Charlotte, on the other hand, is like many other burgeoning southern cities: its downtown is shimmering and spread out and tall, its density is fairly low, its streets are wide and in a grid pattern. There’s no major waterway, the topography is noticeably different, and so on.
Does this city look anything like Washington, D.C.? |
Terrorist Brody
The central fact of Homeland is that Sgt. Nicholas Brody is a terrorist. The drama is that only his terrorist masters and a few people at the CIA know it (or think they know it). After being captured by terrorists in 2003 he is physically and psychologically tortured, even being forced to beat a friend and fellow prisoner to death. Finally, reaching his breaking point, he is offered hope.

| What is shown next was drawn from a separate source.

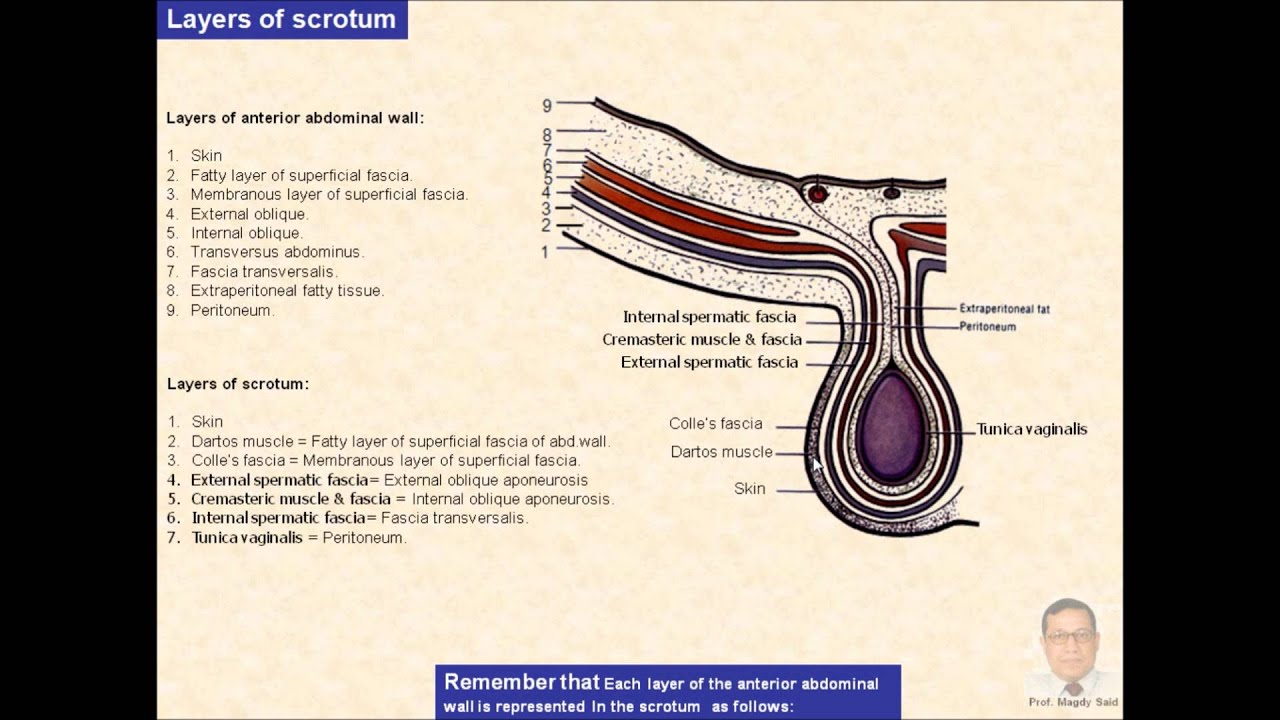 Magdy Said,Anatomy Series,Abdomen,7- scrotum,v1 - YouTube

A man is kind to him, gives him food, shelter, a warm bath, and comfortable living conditions. This man is the terrorist leader Abu Nazir. He is generous and civilized towards Brody. Eventually he has Brody tutor his young son in English. Brody develops a close relationship with the boy. One day as the boy walks to school he is killed in a missile strike from an American drone. Brody is devastated by his death. An indeterminate time later, Brody is rescued from a terrorist compound by American special forces. He returns home to a hero’s welcome.